His friends from his university days in Delhi have fond things to say about him. Referring to him as a people’s person, one friend calls him “a well-intentioned Salman Khan.” Peer is married to Ananya Vajpeyi, an academician and award-winning author of The Righteous Republic: The Political Foundations of Modern India. His friends affably call her his biggest fan.

And he has a life beyond Kashmir. “Looking at Haider, you may think he can only write high-brow intellectual stuff, but he's a great movie buff and is equally capable of writing potboilers,” quips a journalist friend in mock seriousness. A primarily non-fiction writer, Peer himself professes to have enjoyed Salman Khan's mindless Dabangg, but doesn’t think he can write “fantasy”.

Basharat Peer and Irrfan in a still from Haider
Haider was his first attempt at fiction, and he believes it worked only because it was rooted in reality.
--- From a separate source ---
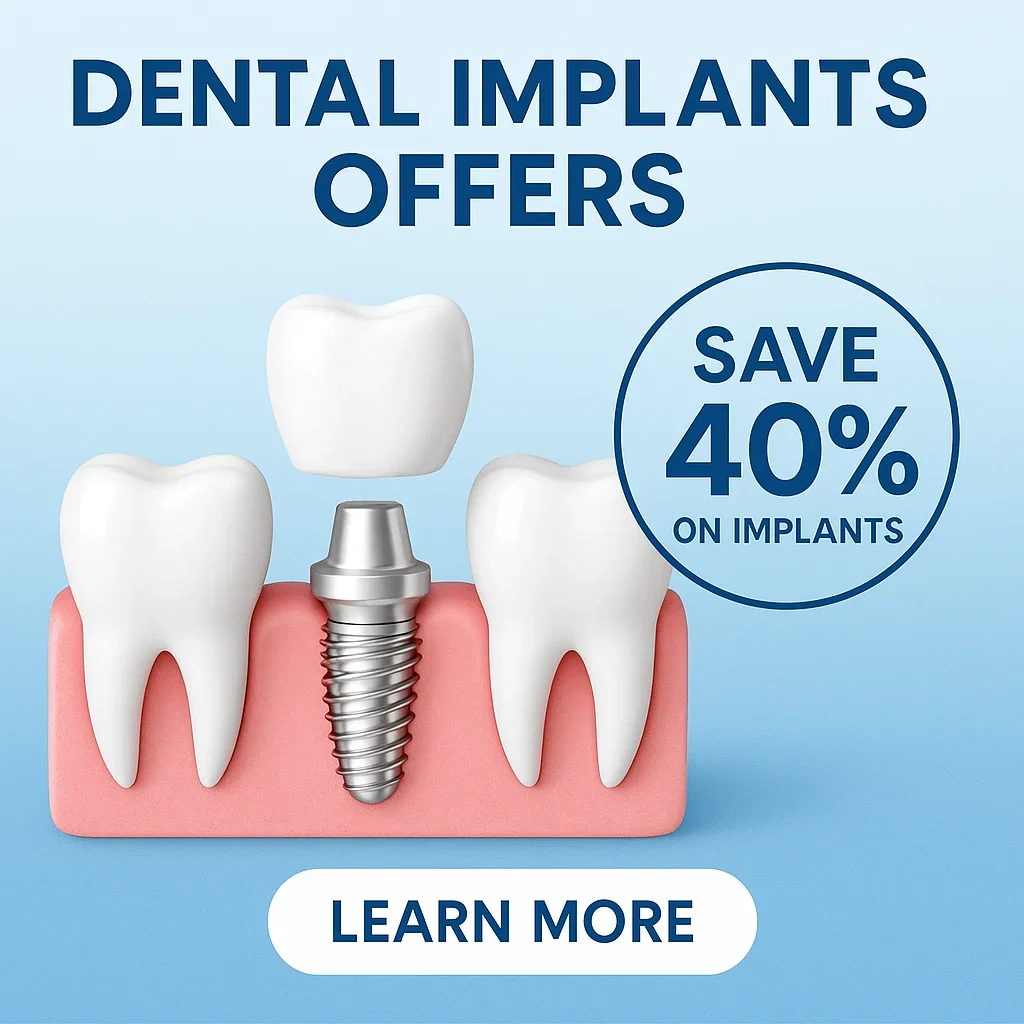 Best Dental Implants Offers for Perfect Smiles 5 dental implants offers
One of his friends, Pranav Singh, a corporate lawyer, recalls how he spent the night with Peer in his flat in Munirka in south Delhi while he was working on his book. “He made me read John Steinbeck’s Grapes of Wrath; since I am from Bihar, he thought I’d identify with the politics of migration portrayed in the book.”
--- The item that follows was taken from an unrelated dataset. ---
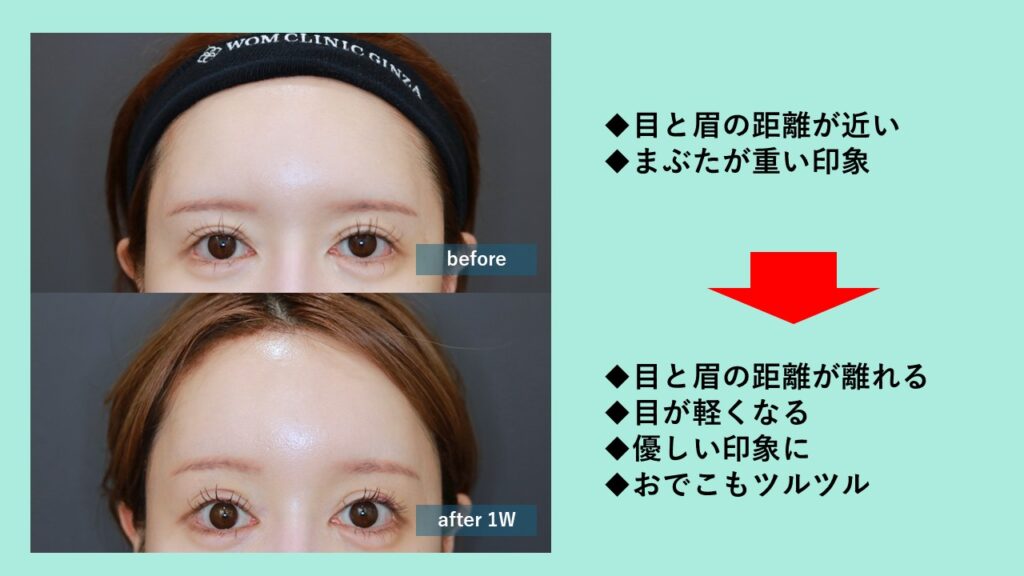 『爆美女をつくる内視鏡額挙上』の画像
Haider has just finished its fourth week in theatres, having sparked equal shares of conversations and controversy between traditionalists and fundamentalists alike. The weekend of the release saw a Twitter backlash, with #BoycottHaider trending in India. Peer says he was not surprised or afraid as he is used to this kind of abuse. He chose to be indifferent instead.
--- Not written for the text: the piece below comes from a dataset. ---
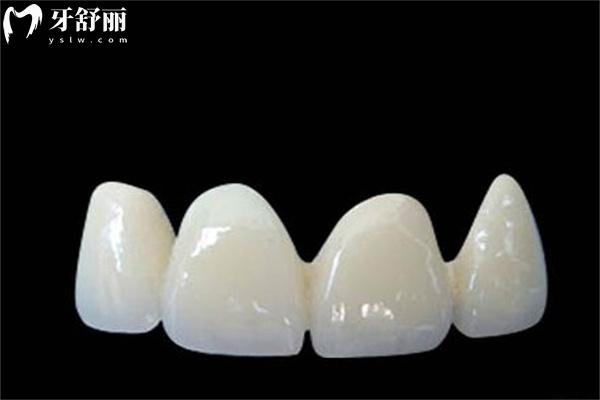 德國貝格鈷鉻烤瓷牙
“Stories don’t work on a quota basis: you can’t have an equal representation of all castes, communities and religions. There are millions of stories that need to be told and efforts need to be made to tell them, this was just one such effort.” Peer envisions that in the future there will be more works that’ll push the boundaries.

Haider poster
His hopes are shared by a retired army officer who served in the Kashmir Valley between 1994 and 1997, writing for a news agency, “The movie captures many truths of that period. But it is not the complete truth...Let a thousand more Haiders bloom.” The hashtag, propounded by outraged army loyalists, didn’t last beyond a couple of days, and supporters of the film were able to get #HaiderTrueCinema trending soon enough.

While the film has been banned in Pakistan where the censors have deemed it “against the ideology of Pakistan,” it has been on the receiving end of a notice from the Allahabad High Court on the basis of a public interest litigation filed by the Hindu Front for Justice, a group of lawyers who are seeking a ban on the film on the grounds that it is against “national interest”. The respondents — the Central Board of Film Certification, co-producer Siddharth Roy Kapur, Bharadwaj and Peer — have until November 15 to reply, by which time Haider would effectively have completed its theatrical run. However, a proposed ban would mean a loss of TV rights, and an even lesser chance of viewing the film for most Kashmiris.

Still, Haider has done decent business. Made on a budget of Rs 22 crore, it has already crossed Rs 58 crore in box-office collections. Peer is now working on a non-fiction travelogue on religion and politics in South Asia. He isn’t ruling out scriptwriting in the future, though. “Film was a great experience, I learnt a new way of telling a story.”